|
Learning with Texts - Fork 2.4.0-fork
Learn foreign languages with texts
|
| Language | RegExp Split Sentences | RegExp Word Characters | Make each character a word | Remove spaces |
|---|---|---|---|---|
| Latin derived alphabet (English, French, German, etc.) | .!?:; | a-zA-ZÀ-ÖØ-öø-ȳ | No | No |
| Languages with a Cyrillic-derived alphabet (Russian, Bulgarian, Ukrainian, etc.) | .!?:; | a-zA-ZÀ-ÖØ-öø-ȳЀ-ӹ | No | No |
| Greek | .!?:; | \x{0370}-\x{03FF}\x{1F00}-\x{1FFF} | No | No |
| Hebrew (Right-To-Left = Yes) | .!?:; | \x{0590}-\x{05FF} | No | No |
| Thai | .!?:; | ก-๛ | No | Yes |
| Chinese | .!?:;。
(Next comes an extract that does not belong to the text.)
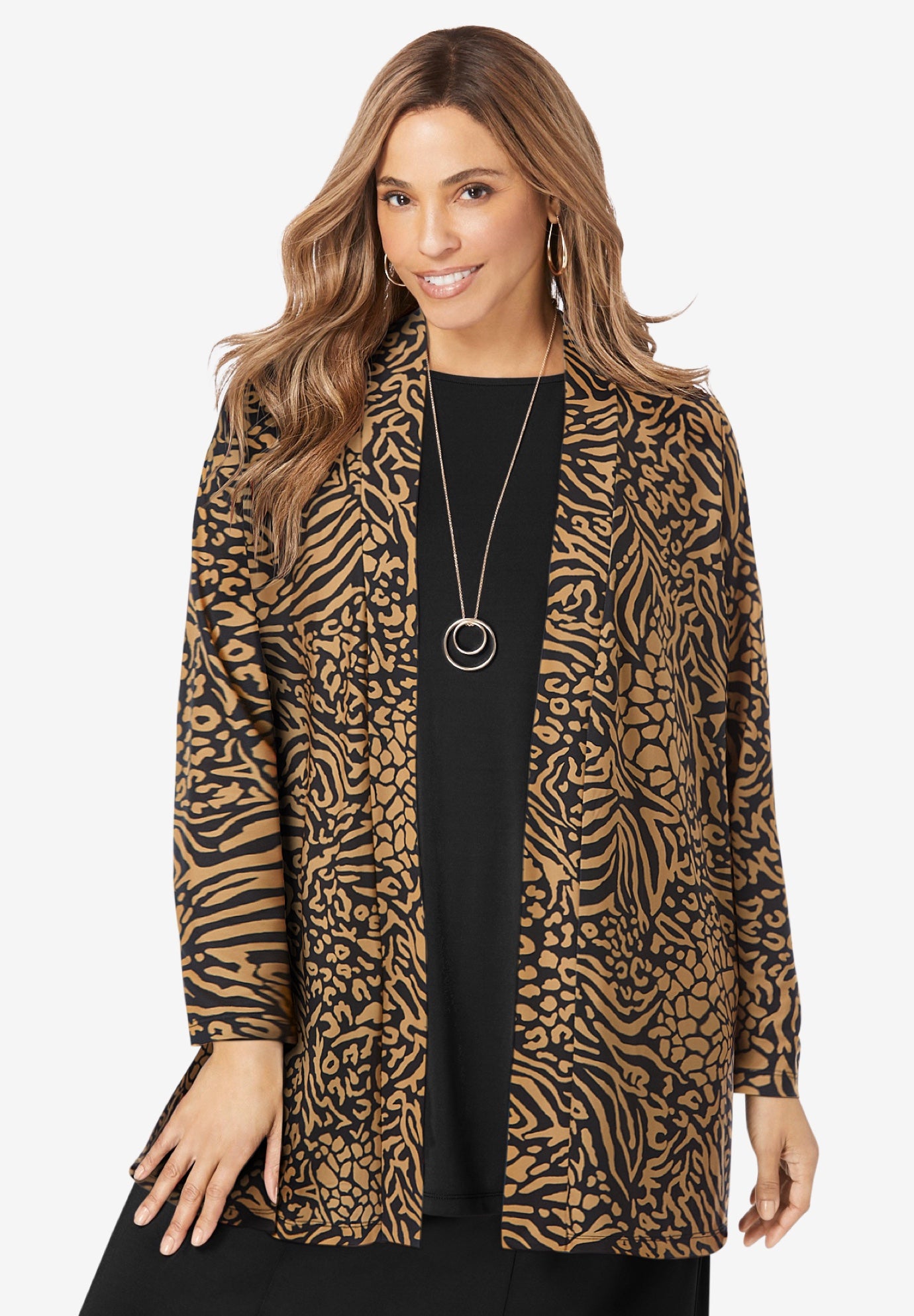 Stretch Knit Open Front Knit Topper image number 0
!?:; | 一-龥 | Yes or No | Yes |
| Japanese (Without MeCab) | .!?:;。!?:; | 一-龥ぁ-ヾ | Yes or No | Yes |
| Japanese (With MeCab) | .!?:;。!?:; | mecab | Yes or No | Yes |
| Korean | .!?:;。!?:; | 가-힣ᄀ-ᇂ | No | No or Yes |